If you use the Equivalalent Frame Method in Chapter 13, you will model both the slab, and the columns supporting the slab.

When you complete the analysis of this system, some of the moments extend down into the columns. This column moment is being transferred from the slab to the column and is the subject of section 13.5.3.

The "unbalanced" moment is due to the fact that slab moments on one side of the column are different than the other side of the column and the difference is the transferred column moment.

This moment is brought down into the column in two ways - via bending in a small strip of slab over the column (which is narrower than your overall column strip) and via shear forces around the column which are higher on one side of the column than the other, creating a vertical load eccentric to the column (see the diagram of this in Figure R11.12.6.2).

Your program analyzes the overall column and middle strip moments and provides the required bending reinforcing per those moments. Section 13.5.3 is an additional effort to focus additional reinforcing over and near the column to account for the column moment transfer. Your program may or may not do this for you - you would need to check on its actual features.

 

[DNBEA]

Thanks.

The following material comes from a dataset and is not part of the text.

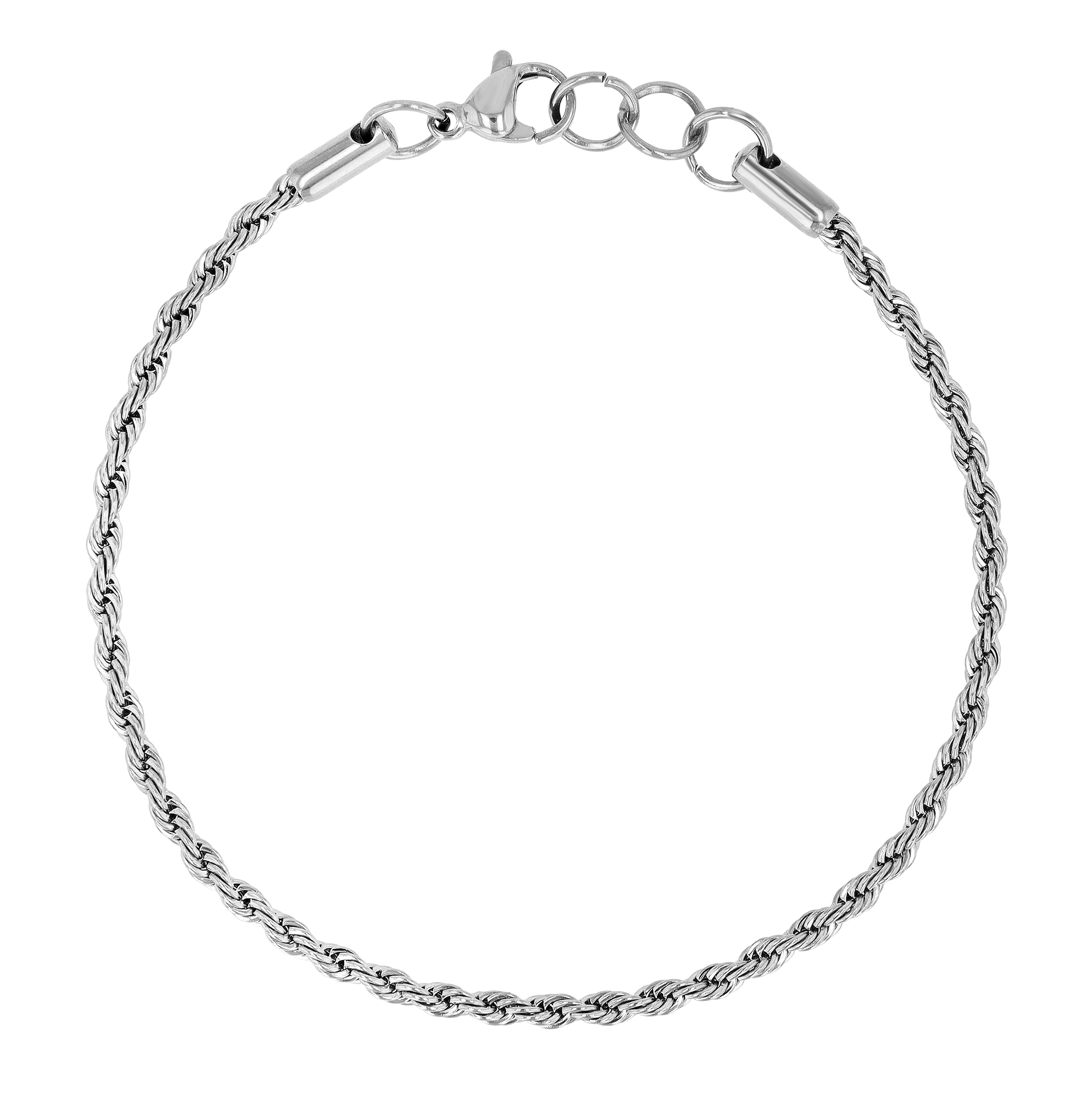 "Dominika" Edelstahl Armband - Kordelarmband, 18 + 1 cm/ 2 mm, silberfarben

I understand what you are talking about. let me give you an example, say we have 100kft in slab on one side of the column and 60kft on the other side. the unbalance would be 40kft. 13.5.3 tells us to add bars in 1.5h area to account for a fraction of 40 which is say 25kft. so one side shall be designed for 60+25 the other side would be 60. but if the program designs both sides for 100kft. why do we need to do 13.5.3. do you agree with me?

 

[JAE]

Because the 60+25 must be resisted by a narrower strip of slab than your full column/middle strip that resists the 100.

 

[JAE]

1.5 x h is the width on either side of the column to use

where h = the depth of the slab+drop panel.

So you would first analyze your equivalent frame, design your column and middle strips for the slab moments (your 100 ft-kips).

Then you would take the column moment (the unbalanced moment), multiply it by [γ]f and design reinforcing for it based on a narrower width of concrete(based upon the 1.5h).

Then, for the (1 - [γ]f) x Mu you would check the shear at the column per 11.12.6 which would be the full slab shear plus the shear caused by the (1 - [γ]f) x Mu
OK?

 

[DNBEA]

I think the 1.5h(2) shall have additional bars for 25kft instead of 60+25. 'cause only this 25 will be transfered to the column by flexure. if we do as you said. I beleive we need to design both sides for 60 then add additional bars in the narrow area on one side for that 25. not as you said design 100 then add bars for 85 which would end up 185kft on one side. maybe I misunderstood you.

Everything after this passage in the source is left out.